§ **Exercise**
Take the lines of the data below from the very first through the line containing "Walker Edison Gray" and output them exactly, pictures excluded.

Brief descriptive captions:
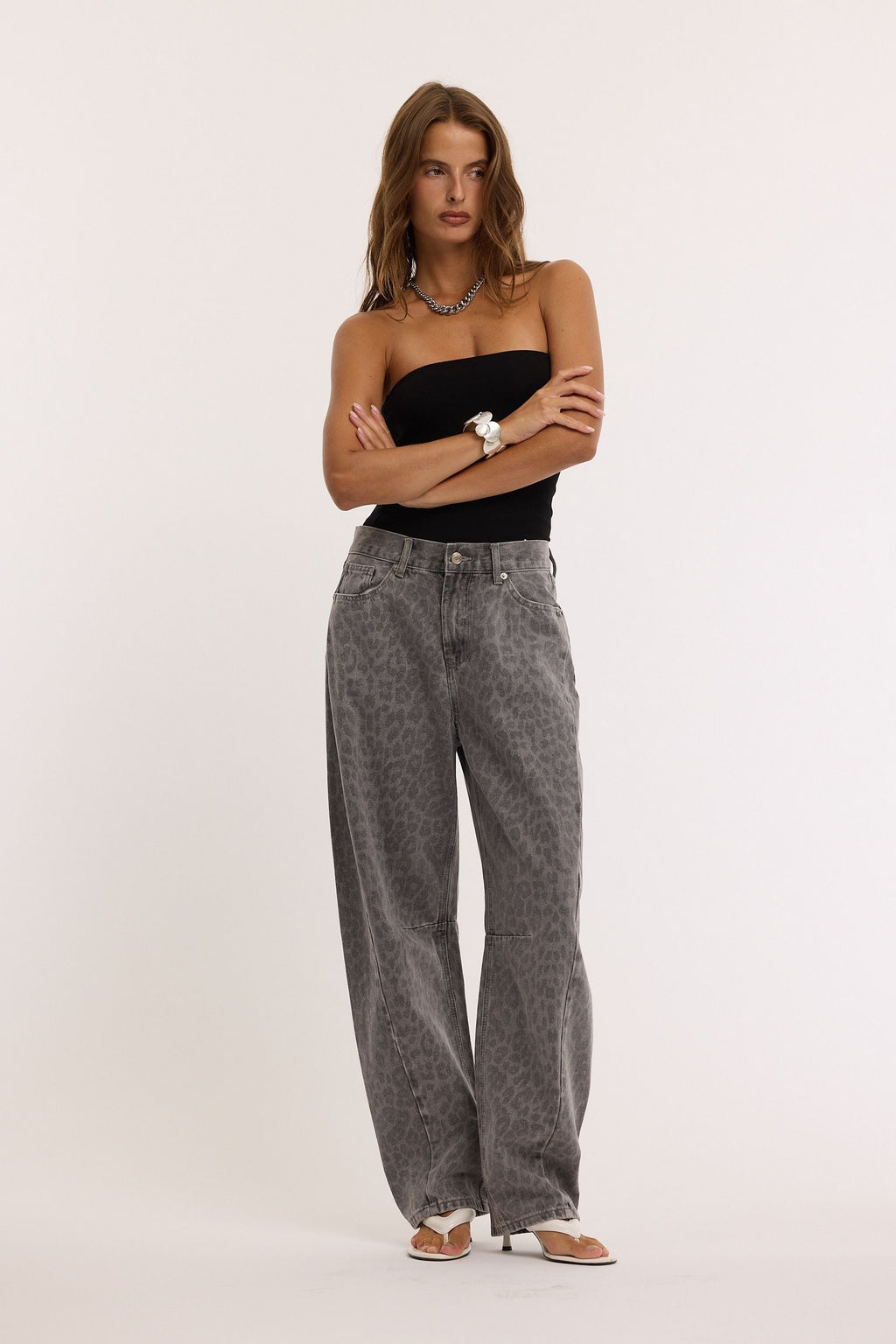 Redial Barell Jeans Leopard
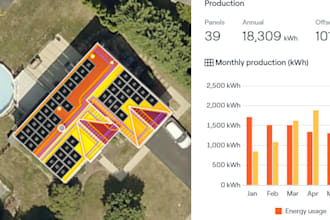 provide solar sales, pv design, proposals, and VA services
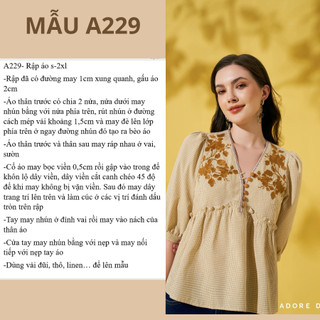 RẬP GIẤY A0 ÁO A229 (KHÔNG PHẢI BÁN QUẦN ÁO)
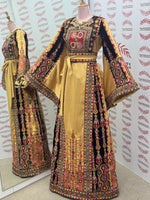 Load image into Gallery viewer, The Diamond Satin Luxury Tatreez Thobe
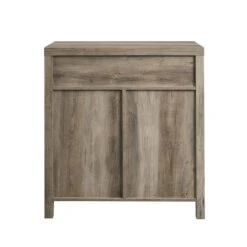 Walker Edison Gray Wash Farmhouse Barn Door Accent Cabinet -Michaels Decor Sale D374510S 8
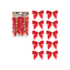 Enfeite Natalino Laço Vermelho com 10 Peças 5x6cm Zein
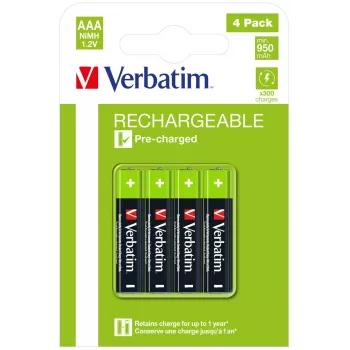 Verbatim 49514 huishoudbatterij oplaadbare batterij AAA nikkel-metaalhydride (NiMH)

§ **Exercise solution**
 Redial Barell Jeans Leopard
 provide solar sales, pv design, proposals, and VA services
 RẬP GIẤY A0 ÁO A229 (KHÔNG PHẢI BÁN QUẦN ÁO)
 Load image into Gallery viewer, The Diamond Satin Luxury Tatreez Thobe
 Walker Edison Gray Wash Farmhouse Barn Door Accent Cabinet -Michaels Decor Sale D374510S 8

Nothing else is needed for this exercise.